There's been work on the OS side around data locality, but CXL stuff hasn't been widely available, so there's an element of "Well, we'll have to see".

Azure has some interesting whitepapers out as they've been investigating ways to use CXL with VMs, https://www.microsoft.com/en-us/research/wp-content/uploads/....

tanelpoder 5 days ago | parent | next [-]

Yup, for best results you wouldn't just dump your existing pointer-chasing and linked-list data structures to CXL (like the Optane's transparent mode was, whatever it was called).

But CXL-backed memory can use your CPU caches as usual and the PCIe 5.0 lane throughput is still good, assuming that the CXL controller/DRAM side doesn't become a bottleneck. So you could design your engines and data structures to account for these tradeoffs. Like fetching/scanning columnar data structures, prefetching to hide latency etc. You probably don't want to have global shared locks and frequent atomic operations on CXL-backed shared memory (once that becomes possible in theory with CXL3.0).

Edit: I'll plug my own article here - if you've wondered whether there were actual large-scale commercial products that used Intel's Optane as intended then Oracle database took good advantage of it (both the Exadata and plain database engines). One use was to have low latency durable (local) commits on Optane:

https://tanelpoder.com/posts/testing-oracles-use-of-optane-p...

VMware supports it as well, but using it as a simpler layer for tiered memory.

packetlost 5 days ago | parent | next [-]

> You probably don't want to have global shared locks and frequent atomic operations on CXL-backed shared memory (once that becomes possible in theory with CXL3.0).

I'd bet contested locks spend more time in cache than most other lines of memory so in practice a global lock might not be too bad.

tanelpoder 5 days ago | parent [-]

Yep agreed, for single-host with CXL scenarios. I wrote this comment thinking about a hypothetical future CXL3.x+ scenario with multi-host fabric coherence where one could in theory put locks and control structures that protect shared access to CXL memory pools into the same shared CXL memory (so, no need for coordination over regular network at least).

samus 4 days ago | parent | prev [-]

DBMSs have been managing storage with different access times for decades and it should be pretty easy to adapt an existing engine. Or you could use it as a gigantic swap space. No clue whether additional kernel patches would be required for that.

GordonS 5 days ago | parent | prev | next [-]

Huh, 200ns is less than I imagined; even if it is still almost 100x slower than regular RAM, it's still around 100x faster than NVMe storage.
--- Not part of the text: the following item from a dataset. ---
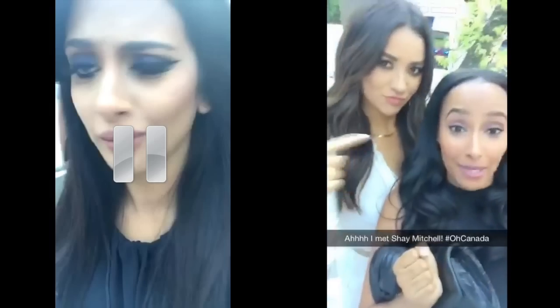Hi Shay! Canadians, reunite — 416, 519. I'm not Canadian but I'm going to just jump in the Canadian group.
Dylan16807 5 days ago | parent | next [-]

Regular RAM is 50-100ns.

jauntywundrkind 5 days ago | parent | prev [-]

Most cross-socket traffic is >100ns.

immibis 5 days ago | parent | prev | next [-]
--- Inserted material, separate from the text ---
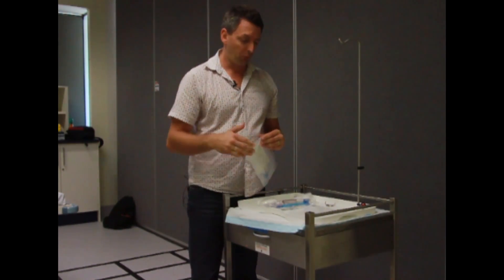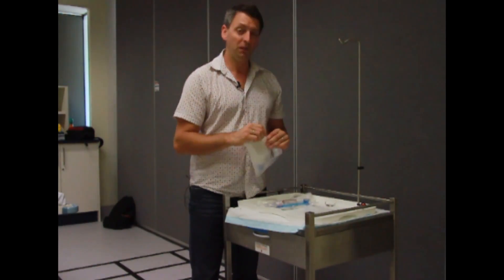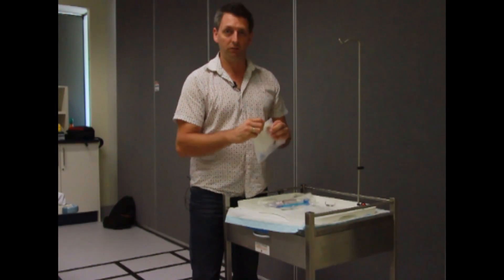Now that was how we prime a gravity fed line. There are many types of pump lines available, but I'm just going to show you one just to demonstrate.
What kind of motherboard, CPU, cables, switches, and end devices would I need to buy to have a CXL network?

afr0ck 5 days ago | parent | next [-]

CXL uses the PCIe physical layer, so you just need to buy hardware that understands the protocol, namely the CPU and the expansion boards. AMD Genoa (e.g. EPYC 9004) supports CXL 1.1 as well as Intel Saphire Rapids and all subsequent models do. For CXL memory expansion boards, you can get from Samsung or Marvell. I got a 128 GB model from Samsung with 25 GB/s read throughput.
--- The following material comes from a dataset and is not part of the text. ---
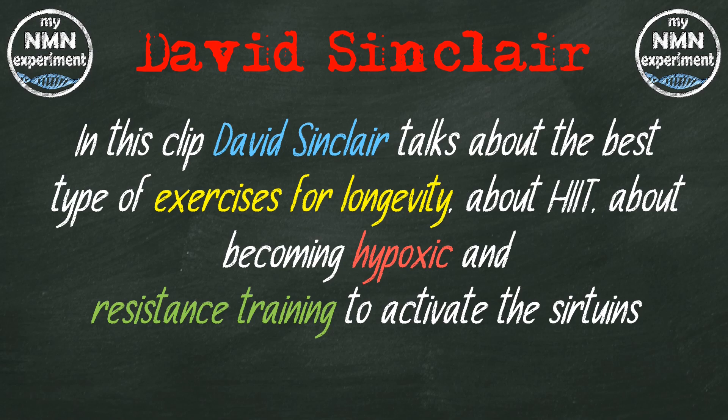You want to do, if you're young enough, high intensity exercise — HIIT, high intensity interval training. Really, you just want to run out of breath for at least five, hopefully 15 minutes. Being hypoxic, low oxygen, is really beneficial and that activates the sirtuins really effectively.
wmf 5 days ago | parent | prev [-]

CXL networking is still in the R&D stage.

temp0826 4 days ago | parent | prev | next [-]

I have never had to go deep into NUMA configuration personally but couldn't it be leveraged here?

wmf 4 days ago | parent [-]

Yes, if you want your app to be aware of CXL you can configure it as a separate NUMA node.

tanelpoder 4 days ago | parent [-]

Optane memory modules also present themselves as separate (memory only) NUMA nodes. They’ve given me a chance to play with Linux tiered memory, without having to emulate the hardware for a VM

imtringued 4 days ago | parent | prev [-]

The latency concern is completely overblown because CXL has cache coherence. The moment you do a second request to the same page it will be a cache hit.

I would be more worried about memory bandwidth. You can now add so much memory to your servers that it might take minutes to do a full in-memory table scan.

justincormack 4 days ago | parent [-]

Cache lines are 64 bytes, not page size.